A shock to the U.S. economy, he says, might not be as dangerous if it were growing at a healthier 4 percent to 5 percent annual pace. But when growth is stuck at 2 percent or 3 percent, a major global crisis could stall job creation and raise unemployment.
Beyond Europe, troubles in other areas could also upset the U.S. economy next year, the economists say. Congressional gridlock ahead of the 2012 elections and unforeseen global events, like this year’s Arab Spring protests, could slow the U.S. economy. Three economists said rising nuclear tensions with Iran are a concern.
Even without an outside jolt, the economists expect barely enough job creation in 2012 to stay ahead of population growth and the return of discouraged workers into the labor force.
“I just don’t know if it’s going to be enough to bring the unemployment rate down,” says Chad Moutray, chief economist for the National Association of Manufacturers.
The AP economists expect the unemployment rate to be stuck at a recession-level 8.4 percent when voters go to the polls in November. Unemployment was 8.6 percent in November.
A majority (56 percent) of the economists say the economy will get a lift from Federal Reserve policies. The Fed has said it plans to keep short-term interest rates near zero through at least mid-2013 if the economy remains weak. The central bank also has begun a campaign to try to push down mortgage rates and other long-term interest rates through next June.
Those surveyed also think the economy is strong enough to withstand higher oil prices.
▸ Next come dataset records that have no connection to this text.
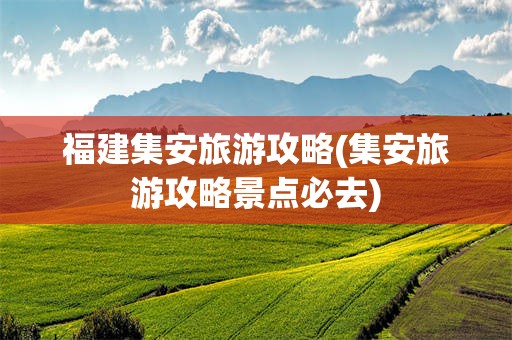 福建集安旅游攻略(集安旅游攻略景点必去)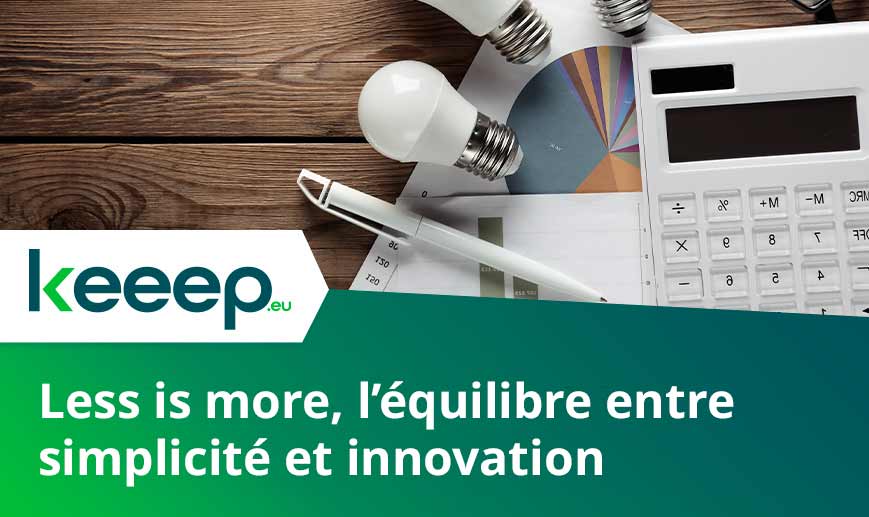 Less is more, l’équilibre entre simplicité et innovation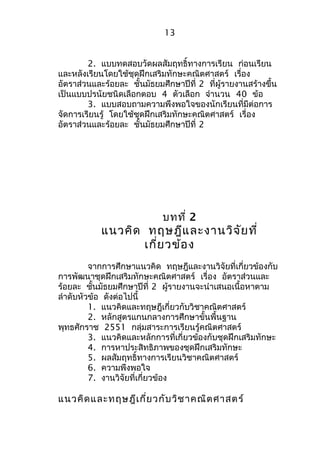 13 
2. แบบทดสอบวัดผลสัมฤทธิ์ทางการเรียน ก่อนเรียน 
และหลังเรียนโดยใช้ชุดฝึกเสริมทักษะคณิตศาสตร์ เรื่อง 
อัตราส่วนและร้อยละ ชั้นมัธยมศึกษาปีที่ 2 ที่ผู้รายงานสร้างขึ้น 
เป็นแบบปรนัยชนิดเลือกตอบ 4 ตัวเลือก จำานวน 40 ข้อ 
3. แบบสอบถามความพึงพอใจของนักเรียนที่มีต่อการ 
จัดการเรียนรู้ โดยใช้ชุดฝึกเสริมทักษะคณิตศาสตร์ เรื่อง 
อัตราส่วนและร้อยละ ชั้นมัธยมศึกษาปีที่ 2 
บทที่ 2 
แนวคิด ทฤษฎีและงานวิจัยที่ 
เกี่ยวข้อง 
จากการศึกษาแนวคิด ทฤษฎีและงานวิจัยที่เกี่ยวข้องกับ 
การพัฒนาชุดฝึกเสริมทักษะคณิตศาสตร์ เรื่อง อัตราส่วนและ 
ร้อยละ ชั้นมัธยมศึกษาปีที่ 2 ผู้รายงานจะนำาเสนอเนื้อหาตาม 
ลำาดับหัวข้อ ดังต่อไปนี้ 
1. แนวคิดและทฤษฎีเกี่ยวกับวิชาคณิตศาสตร์ 
2. หลักสูตรแกนกลางการศึกษาขั้นพื้นฐาน 
พุทธศักราช 2551 กลุ่มสาระการเรียนรู้คณิตศาสตร์ 
3. แนวคิดและหลักการที่เกี่ยวข้องกับชุดฝึกเสริมทักษะ 
4. การหาประสิทธิภาพของชุดฝึกเสริมทักษะ 
5. ผลสัมฤทธิ์ทางการเรียนวิชาคณิตศาสตร์ 
6. ความพึงพอใจ 
7. งานวิจัยที่เกี่ยวข้อง 
แนวคิดและทฤษฎีเกี่ยวกับวิชาคณิตศาสตร์ 
 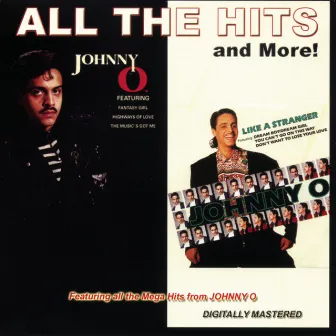 All the Hits and More! by Johnny O.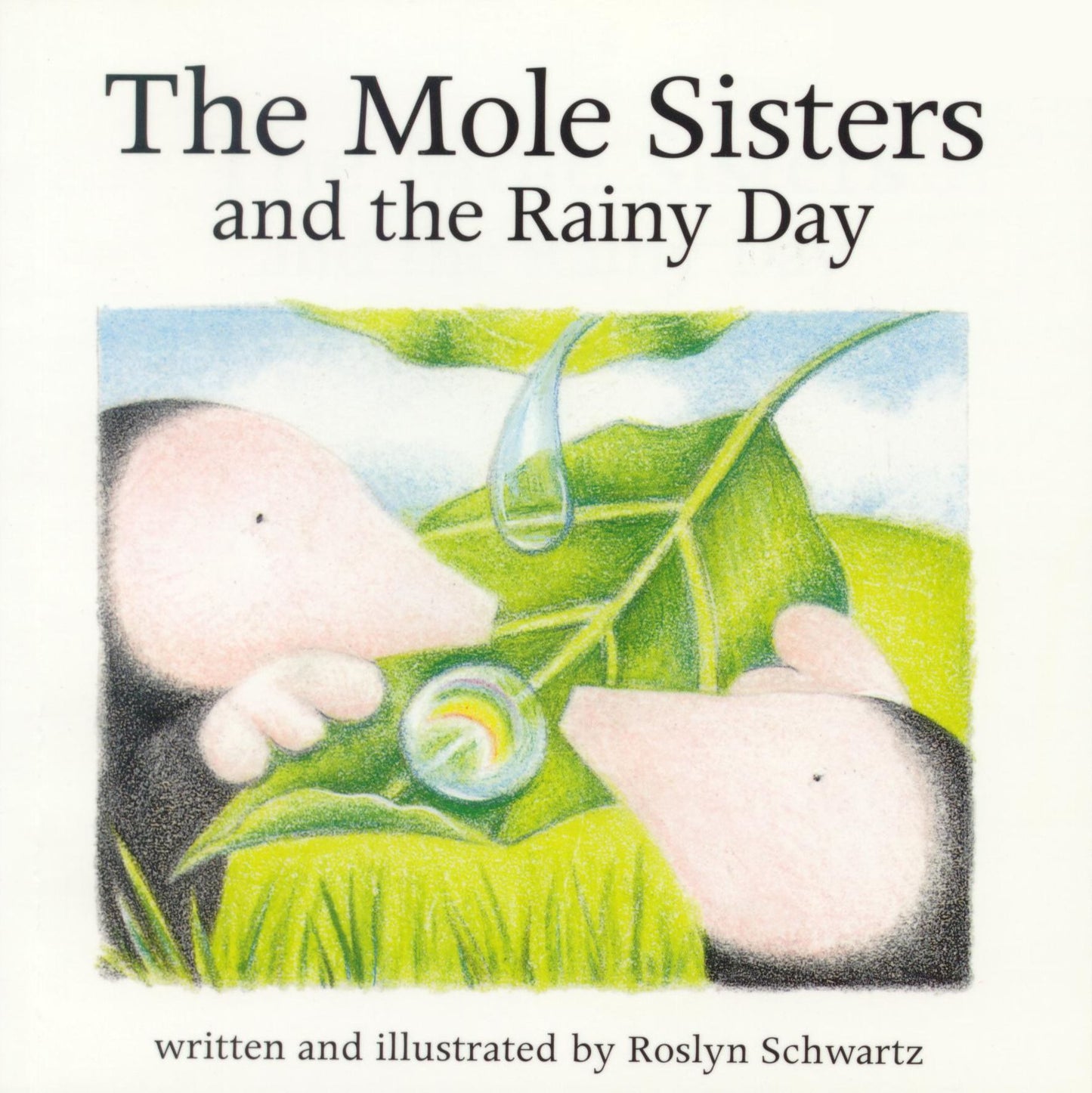 The Mole Sisters and the Rainy Day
At near $100 a barrel, oil prices are up 10 percent from a year ago. But only two of the economists AP surveyed expect the higher prices to slow the economy “a lot.”
The economists expect the European economy to shrink 0.5 percent in 2011 — and fall into a recession. Europe is slowing as heavily indebted countries slash spending and banks exposed to government debt curtain lending.
Among the gravest fears is that a major country like Italy will default on its debt, wiping out some banks with large holdings of European government bonds. A worldwide credit crunch like the one that followed the 2008 failure of Lehman Bros could follow.
Twenty-one of the economists listed Europe as a threat to the U.S. economy next year.
“If it were a big enough downturn, given the size of Europe, it could bring the world economy down into recession,” says Allen Sinai, president of Decision Economics.
But overall, the economists see only an 18 percent chance that Europe’s debt troubles will cause a recession in the United States.
The economists are divided over which one step European policymakers should take now to bolster the 17-country eurozone.
More than one-fourth say the European Central Bank should aggressively try to lower the borrowing costs of the Italian and Spanish governments by buying their bonds.
Nearly one-fifth say European countries should jointly issue “Eurobonds” to help finance weaker countries.
And 17 percent say European governments should slash spending.
Still, the economists expect European policymakers to find a way to prevent the crisis from escalating into a global financial panic.
If Europe can stabilize its economies, the U.S. stock markets would rally sharply, economists say, and prospects for U.S. economic growth would brighten.
“Europe appears to be the only real impediment to keeping this recovery from happening,” said Joel Naroff, president of Naroff Economics.